However, most of the electrical power applied to any direct radiating speaker (not horn-loaded or in a band-pass enclosure) is wasted as heat and as mechanical energy. Only less than 1% of the electrical power is usually radiated as sound power, and this number is different for each speaker. This efficiency figure is usually expressed in "dB/W" units instead of a percentage. 112dB/W corresponds to a 100% efficiency, and the percentage gets halved each time 3 dB are discounted (so 109dB/W is 50%, 106dB/W is 25%, 103dB/W is 12.5%, 100dB/W is 6.25%, 97dB/W is 3.12%, 94dB/W is 1.6%, 91dB is 0.8%, 88dB is 0.4%, 85dB is 0.2%, etc...)

Also, required cone displacement for a given "bass note" is proportional to the square of the frequency (thus a 50Hz note requires *four* times more displacement than a 100hz note at the same volume), so at low frequencies it is the maximum allowed cone displacement what limits how loud the speaker can sound before damage or distortion arises, and not the power rating.

Things are even funnier because cone excursion for a given low frequency "note" and volume is also strongly dependent on the type and size of the enclosure employed, and on the placement of that enclosure within the room, the cabin of the car, or whatever place else (it's determined by surrounding geometry, being the lowest cone displacement achieved in corners and the highest in free space).

This, together with the efficiency figures, yields power ratings quite *useless* in determining how loud a speaker can sound.

Speaker design is much much more than a matter of claimed power ratings and frequency ranges. Indeed there is a whole lot of stuff about speaker design waiting to be learnt by anybody interested.
 
You guys are giving Mr. static way too much serious, accurate information.

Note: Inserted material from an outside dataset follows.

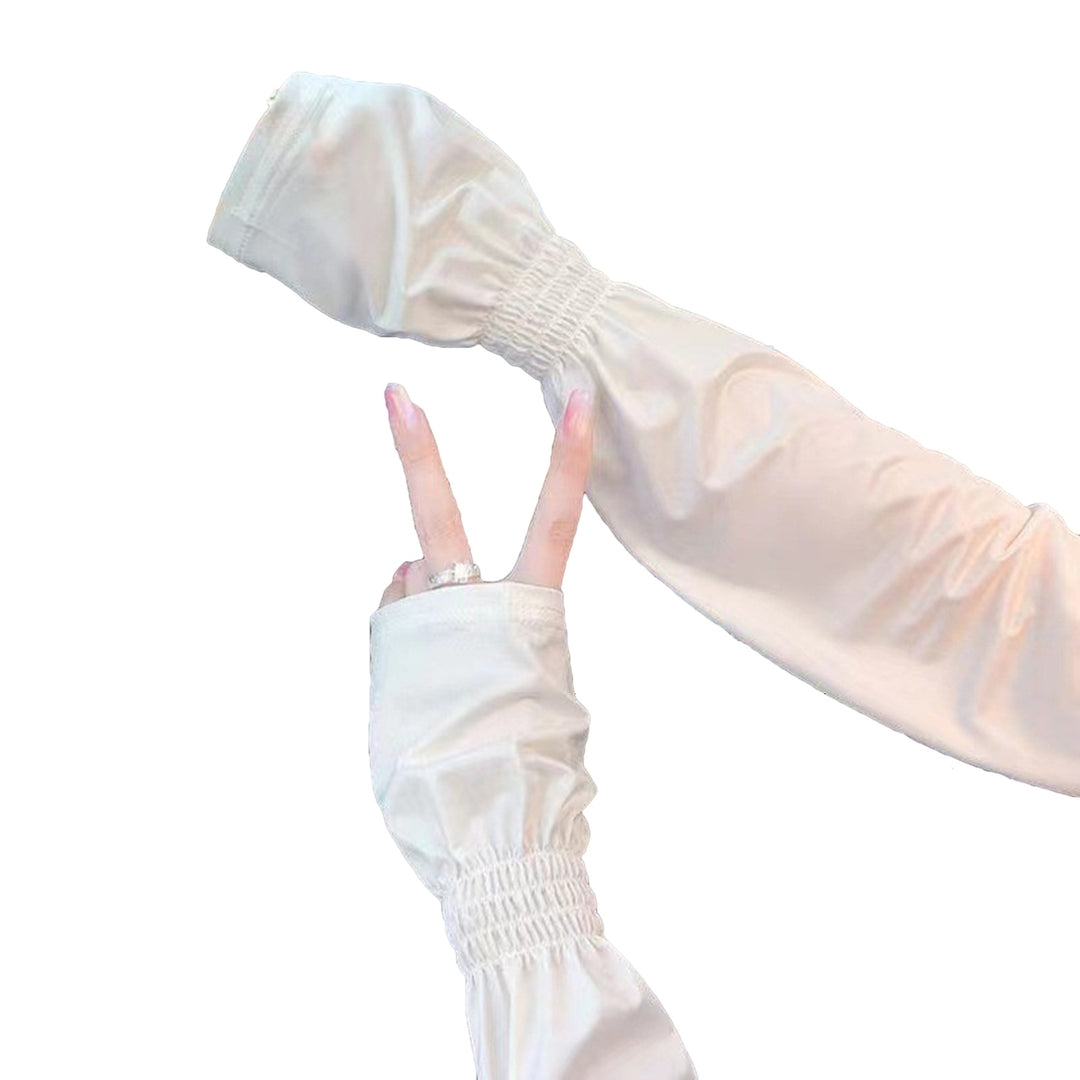 1 Pair Gradient Color Crown Pattern Elastic Cuffs Arm Covers Outdoor Cycling Ice Silk Arm Sleeves Image 4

He uses "lol" as punctuation. He thinks he will have an 800W Alpine amp. They don't make a 4x200W amp. As you guys have rightly pointed out - there is no door speaker that can handle 200W. Maybe if crossed over at 200hz.

The guy asked if he had a Jeep - Static has a Jeep GRAND CHEROKEE, which is not what most people think of as a Jeep. A CJ-7 is a Jeep.

lol is what I'm doing.
 
for 6" (7" really) look at Dynaudio, Scan-speak, or Focal....some of them can take serious punishment...Scan-speak for examply has tweeters with a 225 RMS continuous power rating...and some of the Dynaudio drivers were ratedfor 1000 watt bursts and stable.